● Brief:
Give the lines below again exactly, starting with the line that holds "Men's bracelet with green malachite, black & gold beads Men's" and going on through the line that holds "Picture of Quilted".

● Materials provided:
::::::::::

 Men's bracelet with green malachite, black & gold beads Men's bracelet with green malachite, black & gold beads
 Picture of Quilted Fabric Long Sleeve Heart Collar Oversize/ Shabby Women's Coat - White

::::::::::

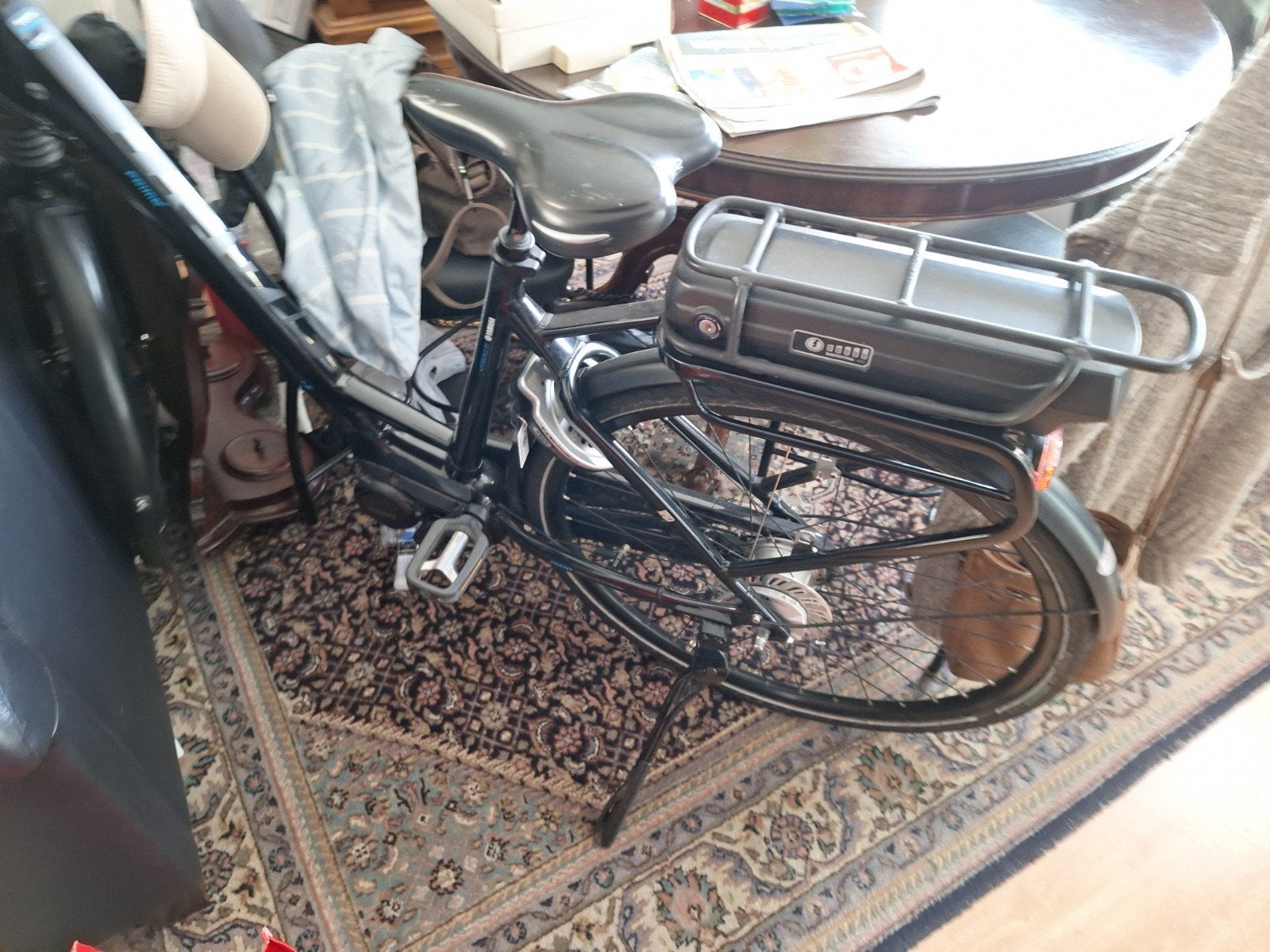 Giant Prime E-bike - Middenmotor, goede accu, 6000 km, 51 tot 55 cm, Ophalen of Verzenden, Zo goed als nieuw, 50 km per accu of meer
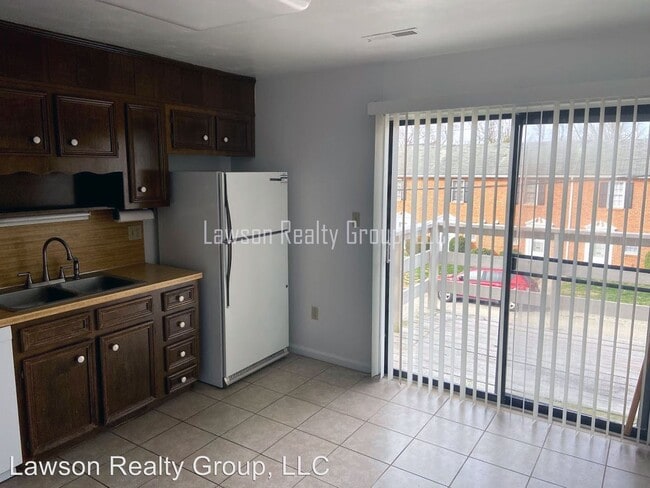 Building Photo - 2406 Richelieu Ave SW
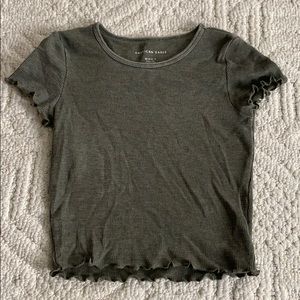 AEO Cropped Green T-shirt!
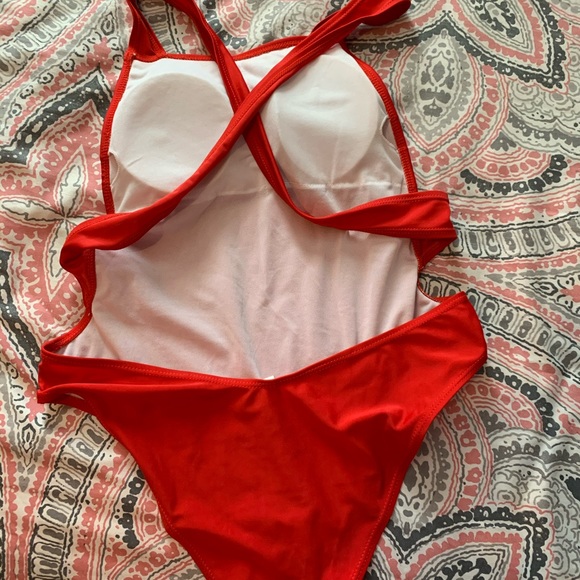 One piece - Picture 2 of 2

::::::::::

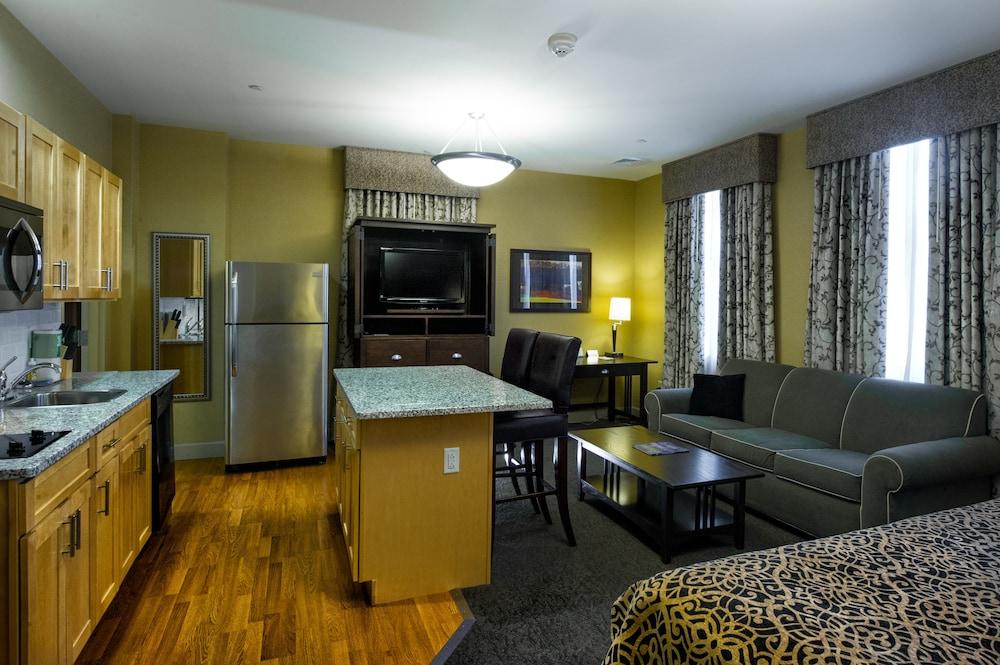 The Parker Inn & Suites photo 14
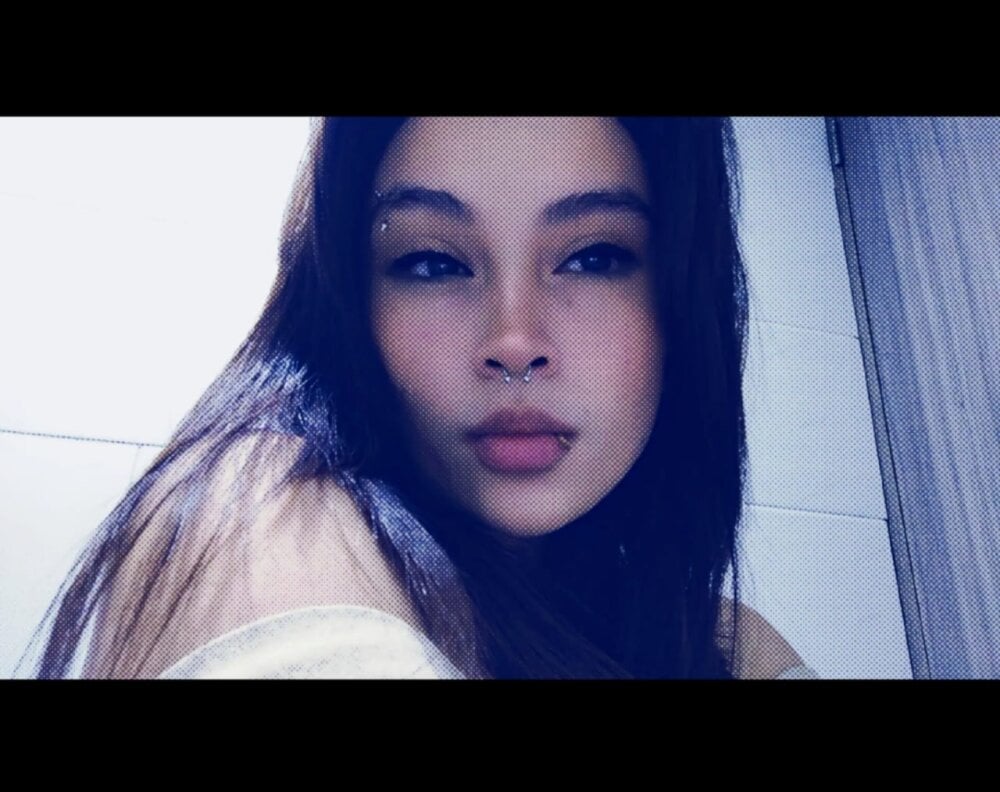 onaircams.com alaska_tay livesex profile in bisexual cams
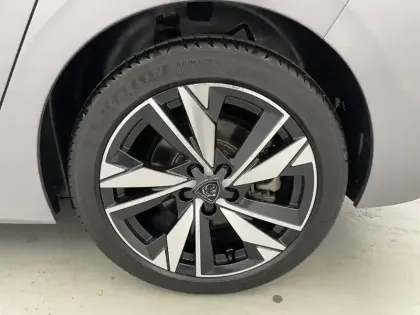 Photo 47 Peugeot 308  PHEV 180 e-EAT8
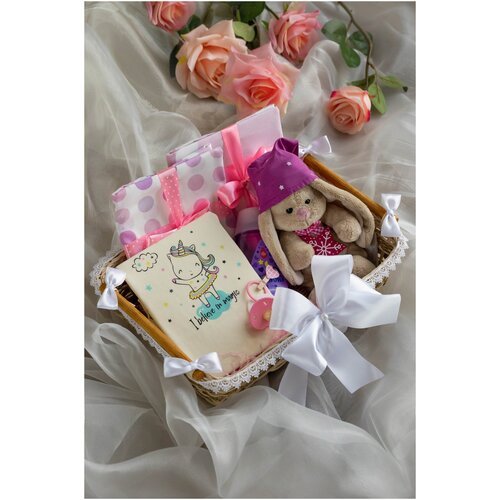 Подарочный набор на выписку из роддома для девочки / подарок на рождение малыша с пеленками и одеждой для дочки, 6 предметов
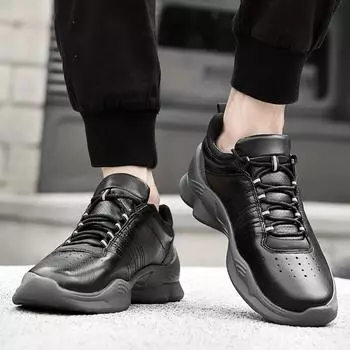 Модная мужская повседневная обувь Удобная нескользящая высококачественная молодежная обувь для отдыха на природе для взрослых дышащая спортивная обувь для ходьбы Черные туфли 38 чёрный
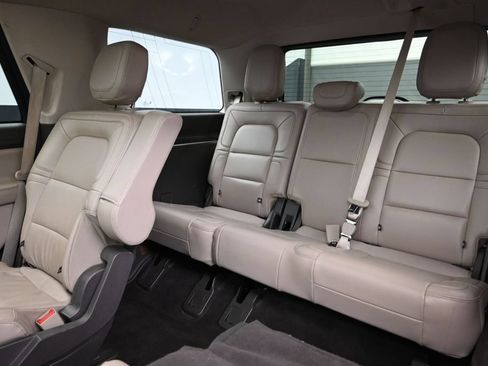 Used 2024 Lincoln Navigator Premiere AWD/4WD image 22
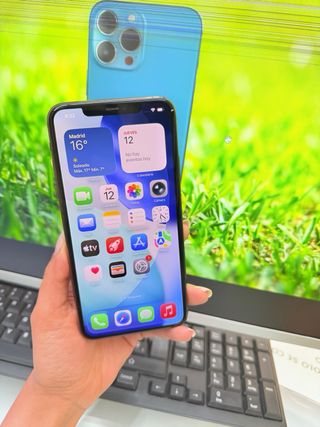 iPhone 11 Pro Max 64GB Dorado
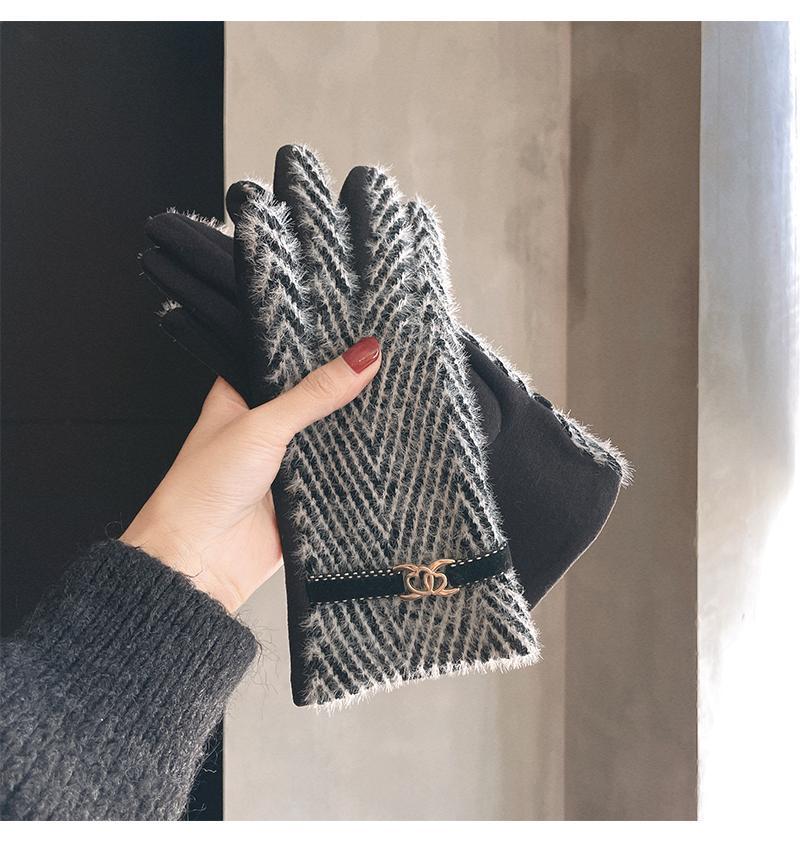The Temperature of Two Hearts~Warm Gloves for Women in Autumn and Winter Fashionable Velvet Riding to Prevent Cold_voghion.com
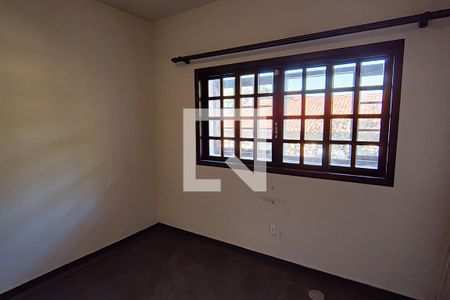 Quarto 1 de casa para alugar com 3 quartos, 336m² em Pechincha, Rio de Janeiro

::::::::::

● Output:
 Men's bracelet with green malachite, black & gold beads Men's bracelet with green malachite, black & gold beads
 Picture of Quilted Fabric Long Sleeve Heart Collar Oversize/ Shabby Women's Coat - White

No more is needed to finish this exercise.